With war in the Ukraine now approaching its eigth month of hostilities, many observers on both sides expect the conflict to persist well into the new year, with the specter of escalation worrying many as Russia confronts continued battlefield setbacks. Far to the north, the war in Ukraine has had a profound effect on Arctic security and diplomacy, causing a rift within the Arctic Council as its seven democratic member states boycotted Russia’s participation, even while Russia held the rotating chair of the Council. And while the Council represents an innovative, post-Cold War collaboration between East and West across the North, as envisioned by the late Mikhail Gorbachev in his famed 1987 Murmansk Speech, with the pioneering inclusion of Arctic indigenous peoples as sought by the Inuit Circumpolar Council since its formation in the 1970s (then known as the Inuit Circumpolar Conference), it took the war in Ukraine to put both of these noteworthy achievements at risk.
Just as Russia, the largest Arctic state with over 24,000 kilometers of Arctic coast (over 50% of the Arctic Ocean’s coastline) and an Arctic population of over 2 million (around 50% the entire population of the circumpolar Arctic) finds itself isolated from the other 7 Arctic states (A7), the 6 Indigenous Permanent Participant organizations at the Arctic Council have noted a decline in consultation by their state partners at the council as these important changes unfold — indicating a Westphalian reconceptualization of Arctic security as a state prerogative focused upon national defense, in contrast to the multilevel, multilateral cooperation that hitherto united all the Council’s state members (inclusive of Russia) with the Permanent Participant organizations in a triumph of inclusive diplomacy.
This Westphalian resurgence was evident in the sudden change of heart in both Finland and Sweden, with long traditions of neutrality, which both turned to NATO for protection after Russia invaded Ukraine, in another dramatic setback to Russian President Vladimir Putin’s ambition to keep NATO from further encroachment toward Russia’s borders, leading both hitherto nonaligned Nordic states to complete accession talks at NATO headquarters on July 4, a day with much charged symbolism in America as a sacrosanct day that celebrates America’s independence from tyranny, formally confirming their willingness and capacity to meet all obligations associated with NATO membership, thus extending NATO across the Nordic region, from the Norwegian border to its Baltic member states.
And while Sweden and Finland maintained non-alignment through the Cold War era, in the decades since they have grown closer to the western alliance, and both had joined the Partnership for Peace in 1997. Because of the strengthening collaboration between NATO and both Finland and Sweden in the years since, their abandonment of neutrality in favor of alliance membership, while catalyzed by the war in Ukraine, is less tectonic a realignment of European security architecture as it may seem given their three decades of cooperation with the alliance, and Sweden has already indicated its continued unwillingness to host NATO assets, in much the same way that Norway long reassured Moscow throughout the Cold War that its territory would never be used as a staging ground for a northern invasion of Russia.
Just the very fact that both the Nordic and Baltic states — with the obvious exception of Russia, which abuts the Baltic near St.
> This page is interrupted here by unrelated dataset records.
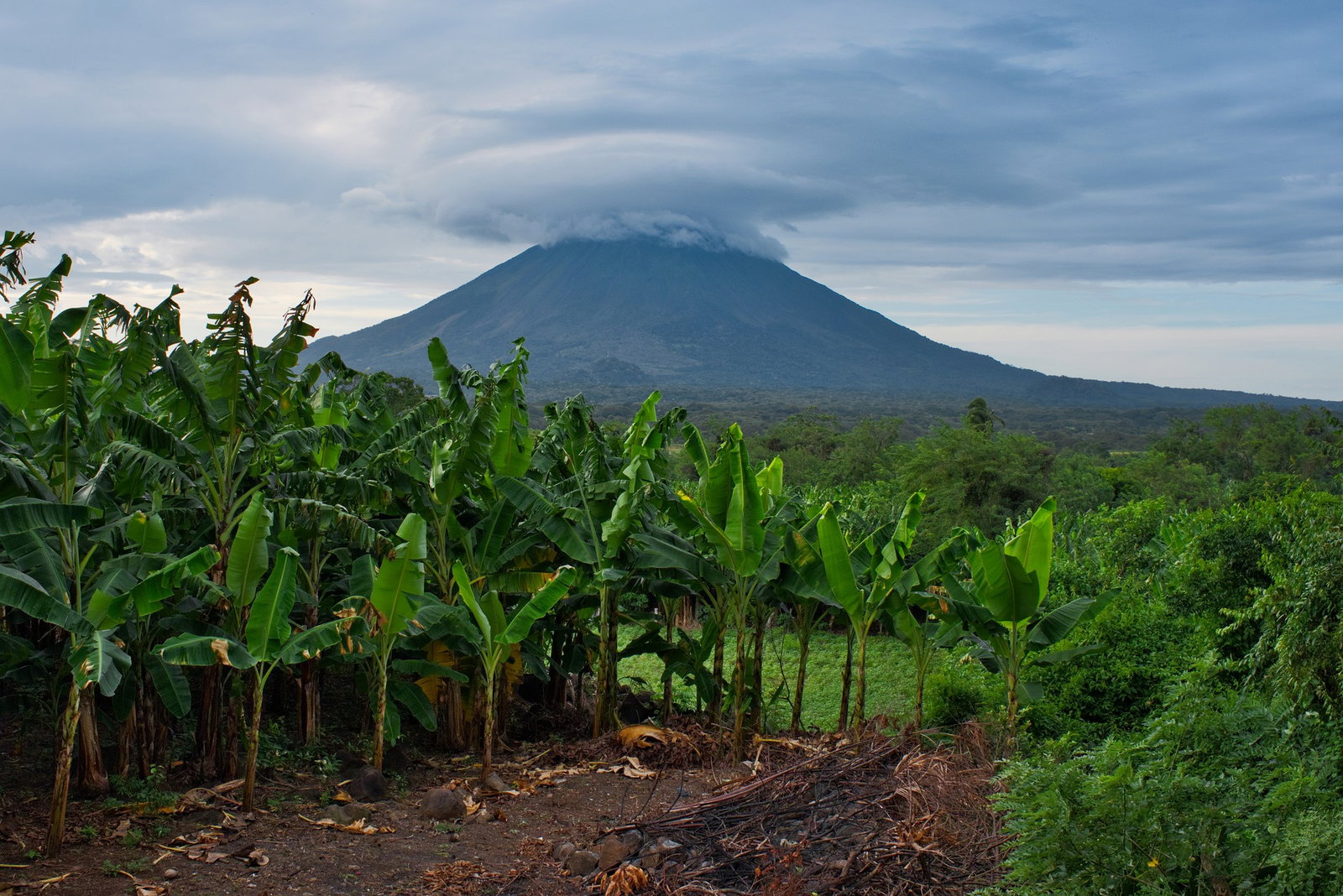 A plantation with a steaming volcano in the background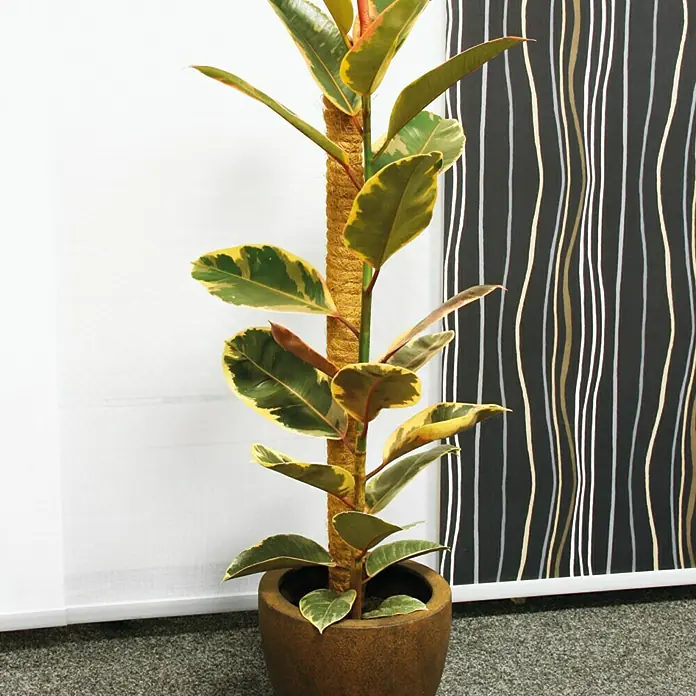 Bellissa Kokosstab - 80 cm, Holz - Stimmungsaufnahme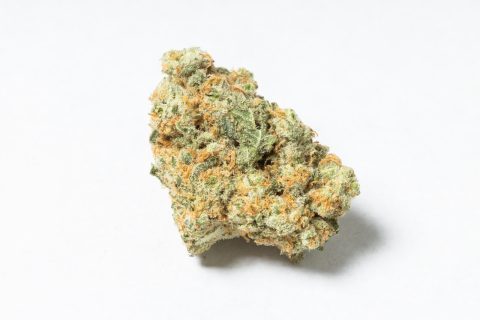Lemon Fatman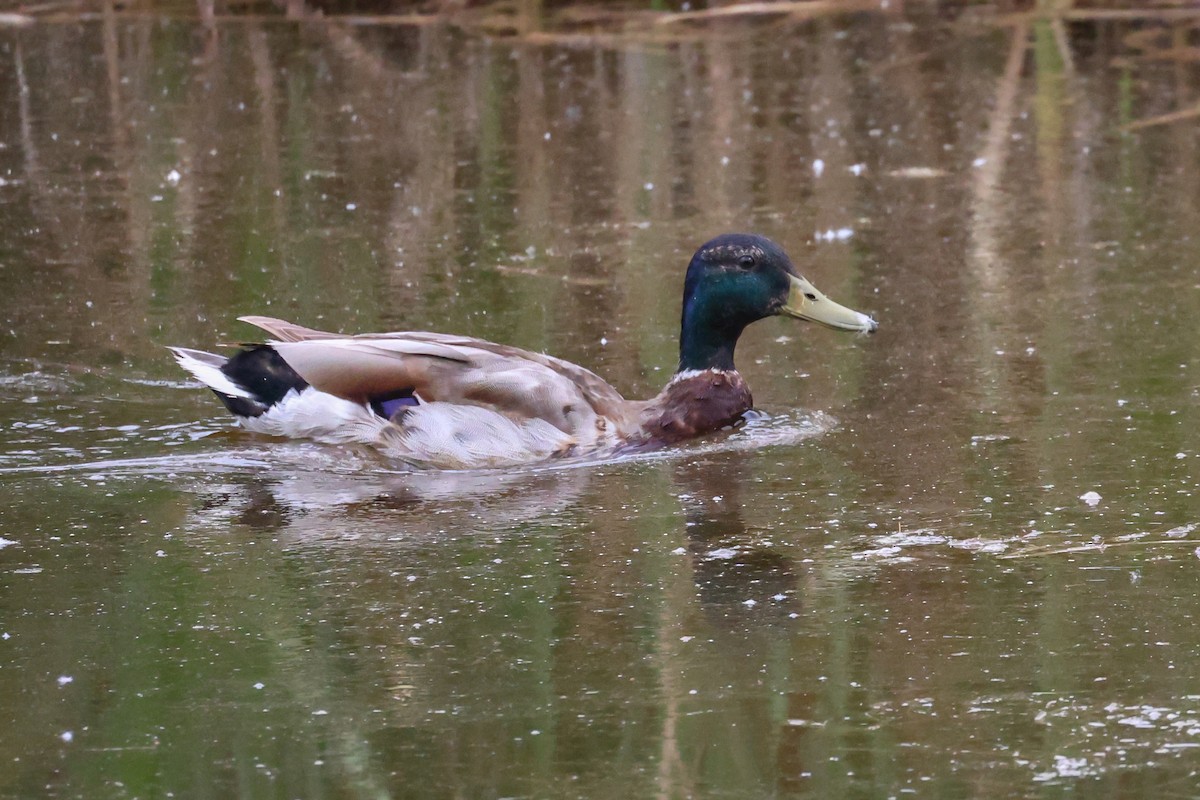 Mallard - ML656962937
Petersburg as well from its western exclave in Kaliningrad — are now united as NATO allies strengthens western unity, and more tightly aligns the strategic capabilities of the A7, whose geographical divisions in the past had hitherto brought Russia and the Arctic coastal states (Norway, Denmark-Greenland, Canada and the United States) together, united under the banner UNCLOS and known as the Arctic 5, as occurred at the first Arctic Ocean Conference in Ilulissat, Greenland in 2008.
Back then, it was Sweden and Finland, the two democratic non-coastal Arctic states, that were excluded from the maritime Arctic club (as was, briefly, insular Iceland), causing a rift at the otherwise harmonious Arctic Council that required mending. Fast forward 15 years, and Sweden and Finland are now part of a different Arctic club, the A7, now all members of NATO, while Russia finds itself on the sidelines, an Arctic pariah that remains the largest and most populous of the Arctic states, a geographical reality that likewise requires mending once the conflict in Ukraine comes to a conclusion.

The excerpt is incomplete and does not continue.